Some people travel for the sights, others for the food or the beaches. Then, there are those who travel for the experience itself. This type of travel is not found in guidebooks. It is not found in detailed travel itineraries, nor the hundreds of online hotel reviews. It is found in the spontaneous last-minute flights, the locals’ recommendations, and the backpacks toted around airports and train stations.
In a time where TripAdvisor reviews and travel agents seem to be controlling our travel itineraries, I recently ditched the guidebooks and opted for the road less traveled — exploring new locations based on suggestions from locals and a desire to experience each country in my own way. The result: a more meaningful experience than any four-star hotel or prepared itinerary could have provided.
Here’s how exploring new destinations off-the-beaten path can leave you not only with memories and stories worth telling, but with a new outlook on life:
1. You’ll experience new cultures.
While you can learn a lot about a culture by visiting museums, eating at restaurants and viewing national monuments, immersing yourself within a culture can provide a much deeper experience. Rather than always staying at popular hotels or resorts, consider options in AirBnB apartments or homes. Don’t be so quick to sign up for the tour bus rides with other out-of-towners, consider traveling like a local on public transportation or better yet, rent a car or motorbike and drive it yourself – just be sure you grab a map first.

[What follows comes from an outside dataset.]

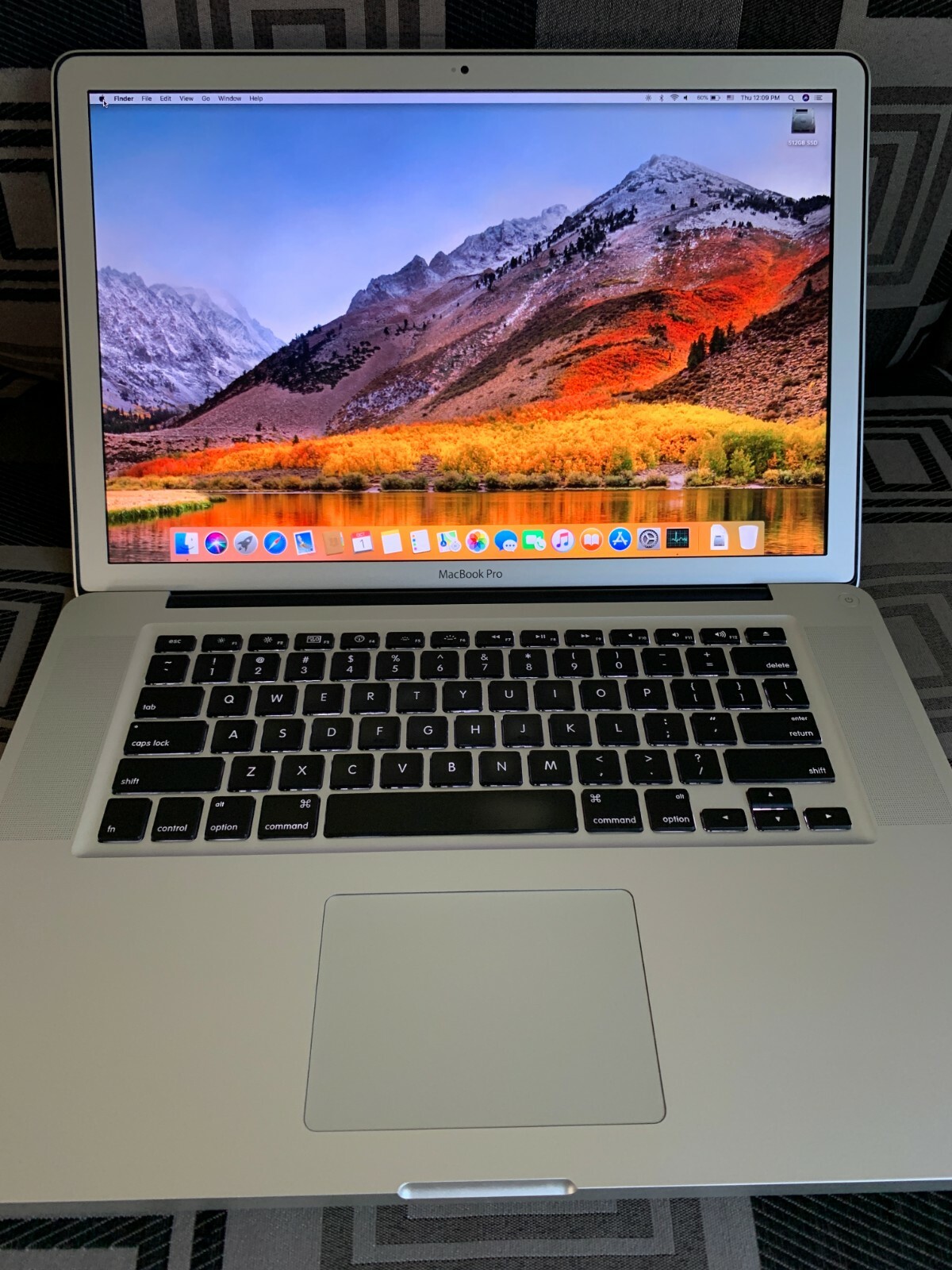 Apple MacBook Pro 15.4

In many small towns and even tinier villages, the people will be some of the nicest you will meet, excited to practice their English and invite you in for lunch. Immersing yourself into a new culture is a humbling experience that allows you to see the country in the eyes of those you meet.
2. You’ll find hidden gems.
Traveling around remote countries isn’t as simple as hopping in an air-conditioned taxi for a 10-minute drive to your hotel. It can be a ride in a rickshaw tricycle along dirt roads, passing through villages and asking locals for directions. It can be a 10-hour flight, two-hour layover and five-hour boat ride. It’s this type of adventurous travel that leads to finding secluded waterfalls after winding your way through deserted trails in tropical forests.
While it may take longer than the guided tours, traveling off-the-beaten path to can allow you to witness the untouched beauty and hidden locales you hear so much about. In larger cities, these hidden gems can seem hard to find when all the guidebooks are leading tourists to the same popular attractions. While it can be nice to scroll through the hundreds of online reviews for the best restaurant in town, some of my most memorable meals were found by simply asking the manager in my hotel for their favorite place to dine. Often all it takes is asking locals and fellow travelers you meet along the way for a little guidance.
3. You’ll discover your true self.
Without a guidebook to follow, your daily activities when traveling off-the-beaten-path are entirely up to you. You are the guide for your trip. Asking locals where to go and what to see forces you to step outside of your comfort zone. You have to be social with those you meet and often this will not be in a language that you both speak.
Can you find a way to communicate? Can you work up the courage to ask others for directions? Learn the power of a smile. See where it takes you. Can you allow things to happen as they unfold? Can you get rid of the notion of a planned itinerary and just enjoy each moment? Learn more about yourself by how you adapt to these situations.
4. You’ll cultivate gratitude.
The basics of everyday life are so easy to overlook. You have a solid roof over your head. Your car starts when you get in it to go to work in the morning. You have a hot shower in the winter. You have enough food on the table. Traveling to third-world countries you quickly learn to appreciate certain things that perhaps families living in thatched homes would cherish.
Witnessing mothers wake up each morning to lay rice on burlap sacks in the sun to feed their family. Using bathrooms that consist of a ceramic bowl on the dirt ground and bucket of water for flushing. Seeing the joy of a smile on children’s faces when you join them for a game of soccer on the side of the road. Suddenly, waiting in a long line for coffee before work doesn’t seem to affect your mood as much as it might have previously. Life becomes a blessing.
– Be flexible. Travel plans can change quickly. You will have to change with them.
– Have zero expectations. It’s better to be pleasantly surprised than disappointed.
– Pack light. Only bring what you can fit on your back. Keep it to a 35L pack.
– Wear a helmet. Literally. You will likely be riding a motorbike at some point.
– Have a strong stomach. The food can get weird.
– Always carry toilet paper. Always.